I already incorporate the use of draft submissions for my most high stakes assignments and learned from chapter 13 ways to make this process of greater benefit to the student. Peer reviews of a rough draft can often provide benefit to both the reader and the writer. Though Bean states on page 222 that results can be disappointing, I have found the opposite to be true. I have found that often students are thoughtful yet appropriately critical of developing their peers writing. I make sure the papers are anonymous and that students work in pairs to review one submission.
Though I have found success with this style of draft review I have yet to try it with first year students. Has anyone else had similar results or has anyone used peer review of high stakes writing with first year students?
I use a sheet of questions when I want students to review each others’ formal work. It is less about judgment and more about saying back what the reader understood, or if that reader was able to identify certain required elements in the essay. It always takes much longer than I expect, and it becomes very difficult when only a portion of students have drafts on peer-review day. Has anyone found a good way to ensure full student participation?
I should also say that on days when we are set to do peer review, often students who have drafts have questions, and that answering those questions can take away time from peer review. Pedagogically I know that students can get to the answers–or at least identify the most important questions–through working together, but I understand their impulse to seek answers about graded material from me, the grader. It’s hard to imagine a way to convince students to allow the process to be decentralized.

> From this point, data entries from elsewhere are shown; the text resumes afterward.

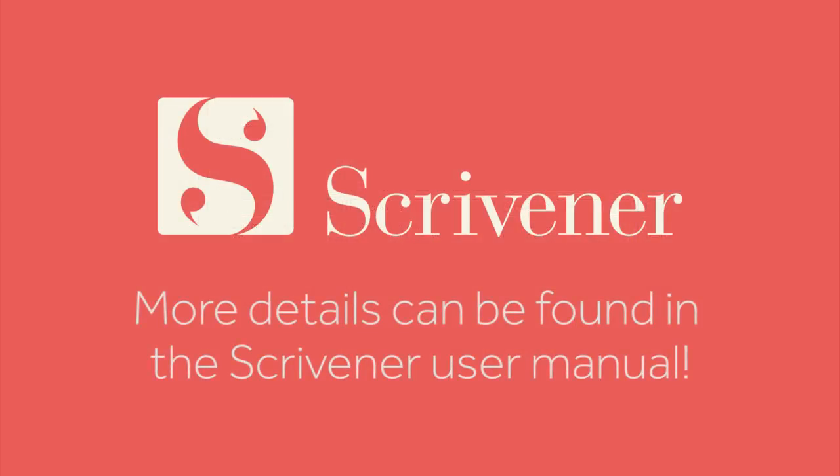That's all we're going to cover in this video. If you want to learn more about the features of Scrivener, our other videos should be linked nearby. Thanks for watching, and happy writing!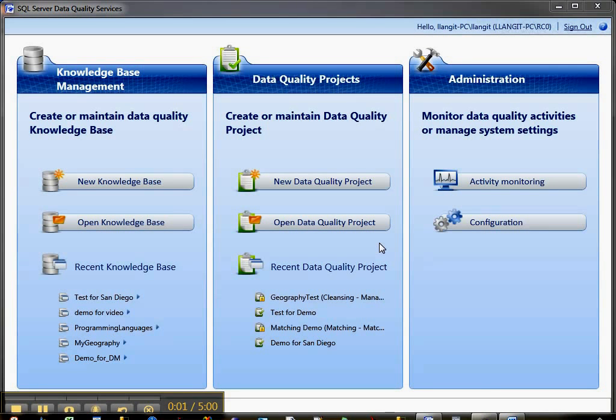Hi, I'm Lynn Langett and this is a short video about working with external reference data to improve the quality of your knowledge base in SQL Server 2012 Data Quality Services.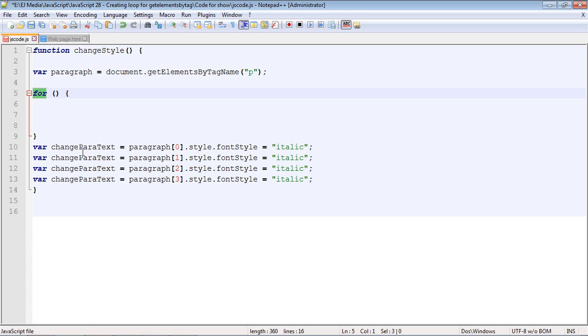We're going to keep these lines of code up here so I can sort of do a comparison and then we'll delete them when we get our for loop populated. At the end of the video it should do the same thing. Everything that we put in this for loop will do exactly what these four lines of code are doing but it'll just do it in fewer lines.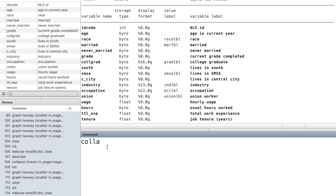We want to draw two curves of wage and hours by age. We need to use collapse first. We have already learned the command collapse in the previous video.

I like Bean’s suggestion in Engaging Ideas that the professor distribute essays of varying degrees of success and have students grade them (86). This would encourage students to be more aware of what matters in a successful project.
Regarding your comment about full student participation, I have two suggestions.
First, submitting a rough draft could be part of the grade final project grade.
Second, knowing that an impact on the final grade will not always work, I have the students who do not submit a rought draft to work together on the project while in class. They then have to provide me with a copy of the work they did in class that day while the other students are conducting the peer review.
Let me know if you think the suggestions might work for you.